The following statement may be attributed to Mo Canady, executive director, National Association of School Resource Officers:
Although saying so should be unnecessary, the National Association of School Resource Officers (NASRO) abhors racism of all forms and believes that all people deserve the same fairness, respect, dignity, security, and justice. NASRO puts that position into action by teaching school resource officers (SROs) about implicit bias, how to recognize it in themselves and how to overcome it, in a module that has been part of our basic school resource officer course for many years. Some communities, however, choose not to use the training that NASRO makes available nationwide and internationally.
NASRO also believes that generalization is unfair to any segment of our population, including members of organizations or professions. In other words, we do not believe in forming opinions about any large group based on the behavior of a few members.
We are, of course, dismayed to learn that some school systems have recently discontinued or considered discontinuing their SRO programs. Our experience shows that using best practices NASRO pioneered, including selecting SROs carefully and providing them effective, specialized training, leads to community satisfaction with SRO programs. Such well-implemented programs can help communities bridge the gap between law enforcement and youth, building positive relationships that can last lifetimes, while helping to protect schools from a wide variety of threats. In addition, they can do so while reducing referrals of students to the juvenile justice system.

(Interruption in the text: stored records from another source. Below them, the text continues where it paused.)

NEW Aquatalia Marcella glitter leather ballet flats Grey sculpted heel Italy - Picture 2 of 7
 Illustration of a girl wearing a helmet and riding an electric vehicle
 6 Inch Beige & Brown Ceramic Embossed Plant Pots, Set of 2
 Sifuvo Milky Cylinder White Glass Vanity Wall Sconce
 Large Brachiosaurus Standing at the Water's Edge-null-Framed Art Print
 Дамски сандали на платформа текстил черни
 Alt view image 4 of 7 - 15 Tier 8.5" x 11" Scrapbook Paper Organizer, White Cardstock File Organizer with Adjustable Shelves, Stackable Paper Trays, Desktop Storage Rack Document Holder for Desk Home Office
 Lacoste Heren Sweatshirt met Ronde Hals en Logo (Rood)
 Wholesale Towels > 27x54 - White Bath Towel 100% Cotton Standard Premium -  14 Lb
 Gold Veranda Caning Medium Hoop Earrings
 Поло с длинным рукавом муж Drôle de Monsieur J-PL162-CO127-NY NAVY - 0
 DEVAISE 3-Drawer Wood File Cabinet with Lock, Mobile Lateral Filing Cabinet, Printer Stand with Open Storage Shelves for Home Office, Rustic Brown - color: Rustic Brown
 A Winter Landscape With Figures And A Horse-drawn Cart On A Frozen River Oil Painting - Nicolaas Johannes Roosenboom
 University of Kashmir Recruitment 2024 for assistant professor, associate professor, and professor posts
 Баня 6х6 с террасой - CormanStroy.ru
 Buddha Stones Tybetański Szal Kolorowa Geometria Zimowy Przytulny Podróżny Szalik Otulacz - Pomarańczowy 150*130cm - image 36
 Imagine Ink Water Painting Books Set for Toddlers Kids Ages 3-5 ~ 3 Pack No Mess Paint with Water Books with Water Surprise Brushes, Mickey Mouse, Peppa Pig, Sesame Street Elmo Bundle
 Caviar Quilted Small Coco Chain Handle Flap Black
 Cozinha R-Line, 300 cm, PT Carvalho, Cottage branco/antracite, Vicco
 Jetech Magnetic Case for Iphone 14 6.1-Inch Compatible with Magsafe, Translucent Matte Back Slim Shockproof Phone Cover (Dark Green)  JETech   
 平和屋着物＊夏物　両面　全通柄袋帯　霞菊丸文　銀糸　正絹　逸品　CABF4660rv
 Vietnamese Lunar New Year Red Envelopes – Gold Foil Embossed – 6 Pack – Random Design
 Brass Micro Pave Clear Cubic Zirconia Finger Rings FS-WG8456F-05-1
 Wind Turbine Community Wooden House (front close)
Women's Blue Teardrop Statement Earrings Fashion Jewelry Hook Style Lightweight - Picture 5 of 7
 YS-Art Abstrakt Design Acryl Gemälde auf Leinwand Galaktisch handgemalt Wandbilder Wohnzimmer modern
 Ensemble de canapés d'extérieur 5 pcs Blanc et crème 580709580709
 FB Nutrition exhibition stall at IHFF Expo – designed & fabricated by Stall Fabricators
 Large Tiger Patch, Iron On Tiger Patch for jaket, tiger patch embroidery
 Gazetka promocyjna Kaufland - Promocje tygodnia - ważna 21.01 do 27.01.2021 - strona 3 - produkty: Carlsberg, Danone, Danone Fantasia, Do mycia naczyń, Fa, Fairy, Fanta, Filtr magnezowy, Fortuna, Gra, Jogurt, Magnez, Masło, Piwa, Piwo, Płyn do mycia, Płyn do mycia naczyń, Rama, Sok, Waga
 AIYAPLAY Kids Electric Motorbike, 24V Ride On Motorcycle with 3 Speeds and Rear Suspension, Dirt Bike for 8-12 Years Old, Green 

Our 2012 report, “To Protect and Educate,” shows significant decreases in juvenile arrests during a period which implementation of SRO programs increased. The U.S. Department Justice Office of Juvenile Justice and Delinquency Prevention recently released data that shows a continued decrease in juvenile arrests nationwide through 2018.
In addition, the Police Foundation’s “Averted School Violence” database contains many reports of school resource officers preventing on-campus violence, thanks to information gained through positive relationships these officers built with students.
In communities that choose not to use NASRO training, we have little or no knowledge of how SROs are trained or behave. If systemic, agency-wide law enforcement issues exist in such communities – and we acknowledge that is unfortunately possible – resolution is necessary and could require drastic measures. We hope, however, that rather than eliminating SRO programs, communities will consider transforming them, as needed, with best practices. This can help prevent the loss of the many benefits well-administered SRO programs can provide.
NASRO stands ready, as always, to provide assistance to any community that desires it.